Drug violence surges in Mexico

President Felipe Calderón's decision to confront organized crime has spurred drug cartels to fight back.

Relatives of missing persons in Mexico pressed officials for help in finding their loved ones' remains after a man last week admitted to helping a drug gang dispose of more than 300 bodies using corrosive chemicals.

The macabre admission is just the latest indication of the depth of Mexico's drug violence. Some US observers say the cartels now pose a direct threat to the Mexican government's survival, and, by extension, a growing security threat to the US. But Mexican officials and analysts say such views are overly alarmist.

Reuters reported that more than 5,700 people were killed in drug violence last year in Mexico, "nearly double the number of 2007."

The wire service reported that dozens of families had approached officials for help in finding their relatives after the arrest of Santiago Meza Lopez last week.

The Mexican newspaper Prensa reported details of the case. Mr. Lopez, alias "El Pozolero [the stew maker]," said he was paid $600 per month to help the Arellano Pelix drug cartel dispose of bodies (link to article in Spanish).

The New York Times explained that "pozole" is a "popular Mexican stew that can feature pork, hominy and an array of vegetables and seasonings." The newspaper reported that police paraded Meza before reporters on Friday on the outskirts of Tijuana, and that Meza publicly asked for forgiveness from the families of the victims.

The Wall Street Journal wrote in an opinion piece that the "body count" in drug-related violence in Mexico so far this year is already 354. It noted that a police commander was recently beheaded in the Mexican state of Chihuahua, an "increasingly popular tactic."

The paper traced the recent surge in drug-related violence to the Mexican president's bid to confront gangsters.

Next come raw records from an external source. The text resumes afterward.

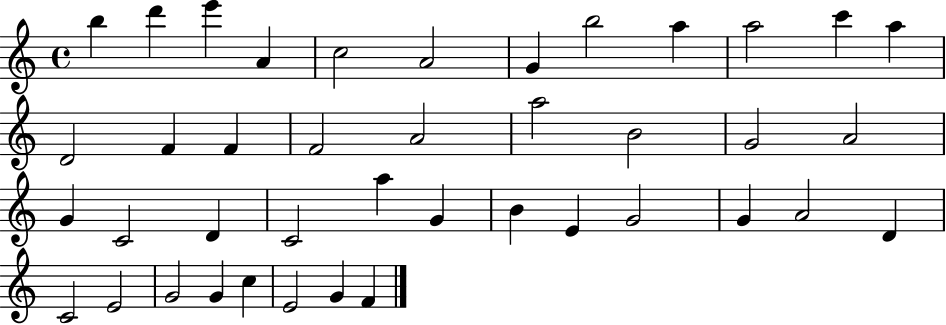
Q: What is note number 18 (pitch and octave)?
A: A5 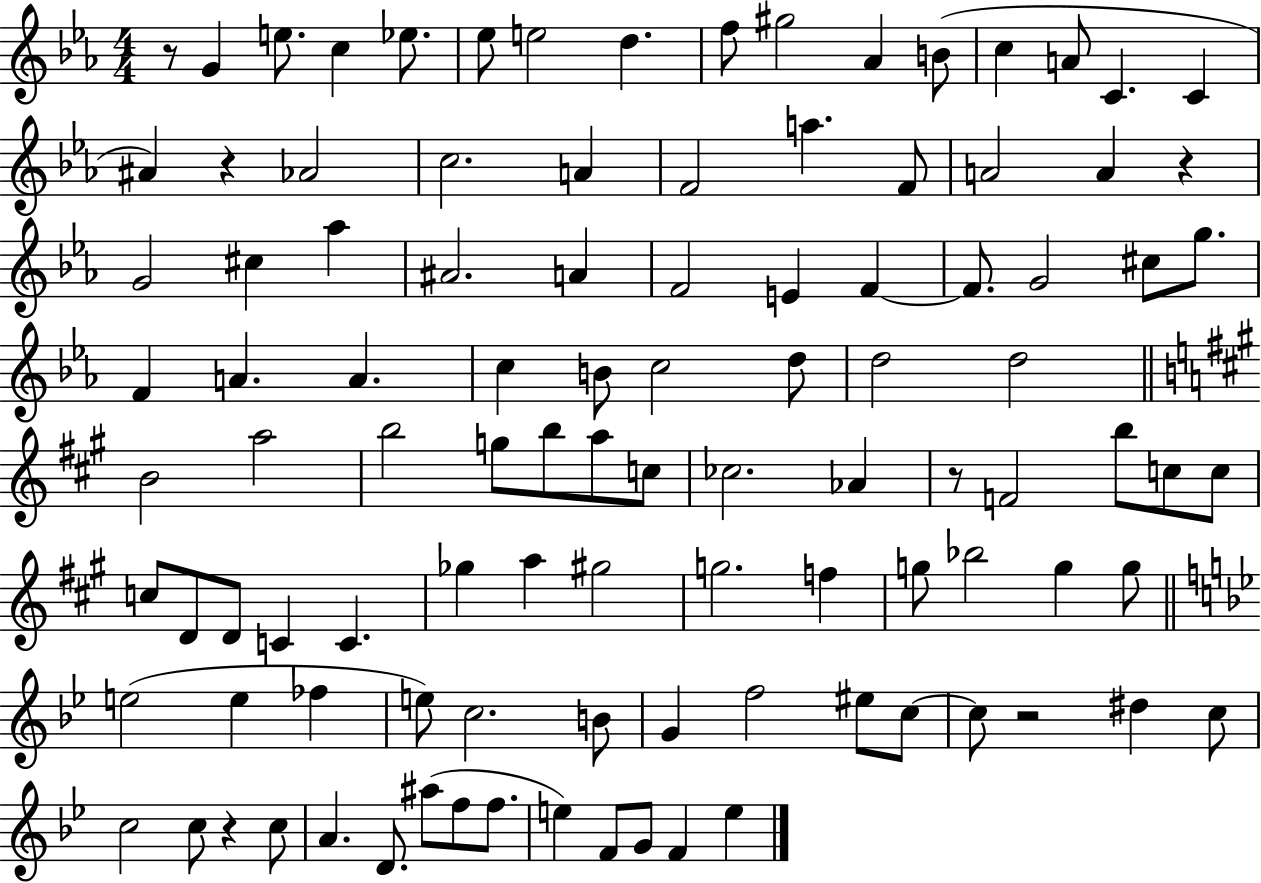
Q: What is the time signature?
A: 4/4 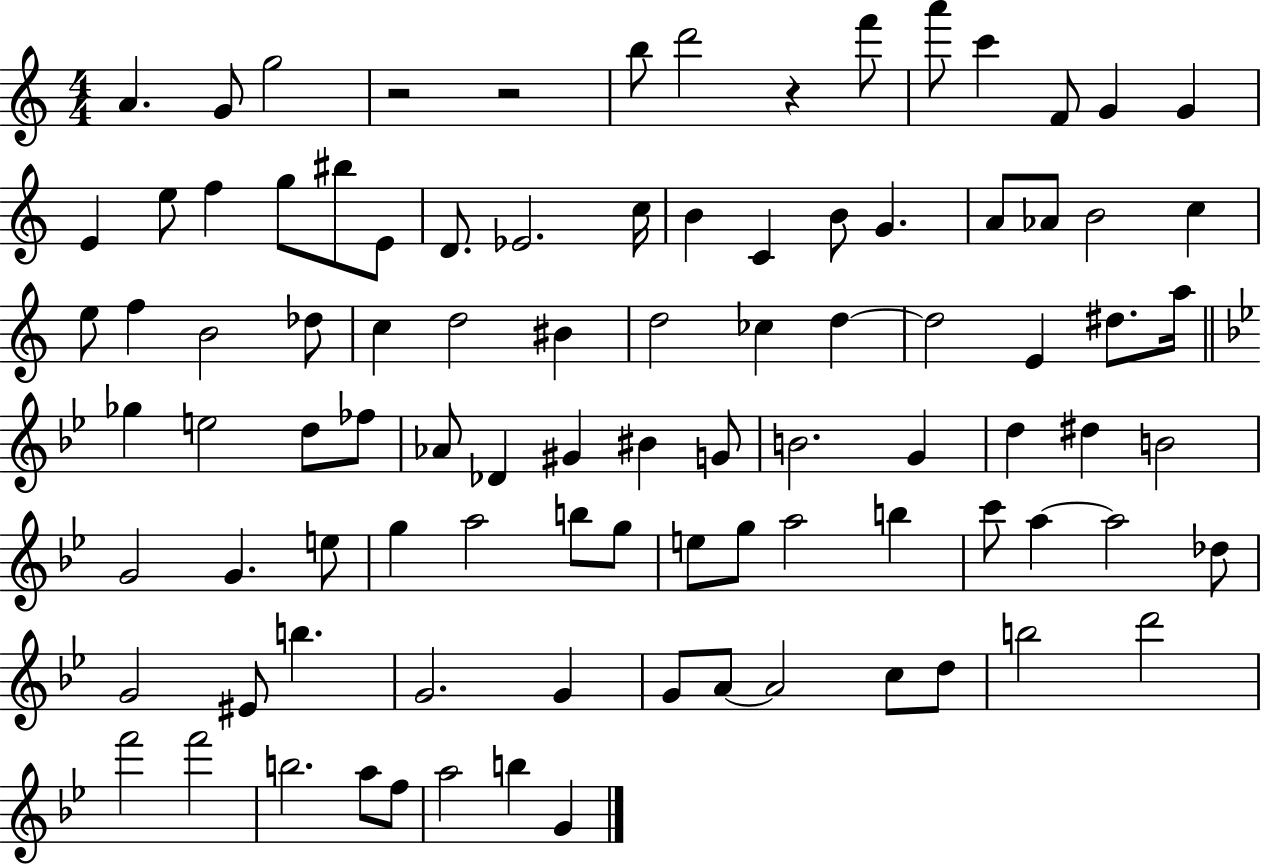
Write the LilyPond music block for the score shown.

{
  \clef treble
  \numericTimeSignature
  \time 4/4
  \key c \major
  \repeat volta 2 { a'4. g'8 g''2 | r2 r2 | b''8 d'''2 r4 f'''8 | a'''8 c'''4 f'8 g'4 g'4 | \break e'4 e''8 f''4 g''8 bis''8 e'8 | d'8. ees'2. c''16 | b'4 c'4 b'8 g'4. | a'8 aes'8 b'2 c''4 | \break e''8 f''4 b'2 des''8 | c''4 d''2 bis'4 | d''2 ces''4 d''4~~ | d''2 e'4 dis''8. a''16 | \break \bar "||" \break \key bes \major ges''4 e''2 d''8 fes''8 | aes'8 des'4 gis'4 bis'4 g'8 | b'2. g'4 | d''4 dis''4 b'2 | \break g'2 g'4. e''8 | g''4 a''2 b''8 g''8 | e''8 g''8 a''2 b''4 | c'''8 a''4~~ a''2 des''8 | \break g'2 eis'8 b''4. | g'2. g'4 | g'8 a'8~~ a'2 c''8 d''8 | b''2 d'''2 | \break f'''2 f'''2 | b''2. a''8 f''8 | a''2 b''4 g'4 | } \bar "|."
}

The paper reported that the US Joint Forces Command in Norfolk, Virginia, "warned recently that an unstable Mexico 'could represent a homeland security problem of immense proportions to the United States.'"

The Los Angeles Times added that the report said Mexico should be "monitored alongside Pakistan as a 'weak and failing' state that could crumble swiftly under relentless assault by violent drug cartels."

The newspaper said that the US Joint Forces Command report was only one of several alarms being sounded on the security situation south of the border.

But the newspaper noted that Mexican officials and some analysts dispute such alarmism. "'It's a very bad analysis,' said Raul Benitez, an expert on security and US-Mexico relations at the National Autonomous University of Mexico. 'Mexico has some failed institutions inside the government, but not the whole state.'"

In a letter to the El Paso Times published Sunday, Mexico's ambassador to the United States, Arturo Sarukhan, rejected the notion that Mexico might be on the verge of collapse, saying that was "plainly preposterous."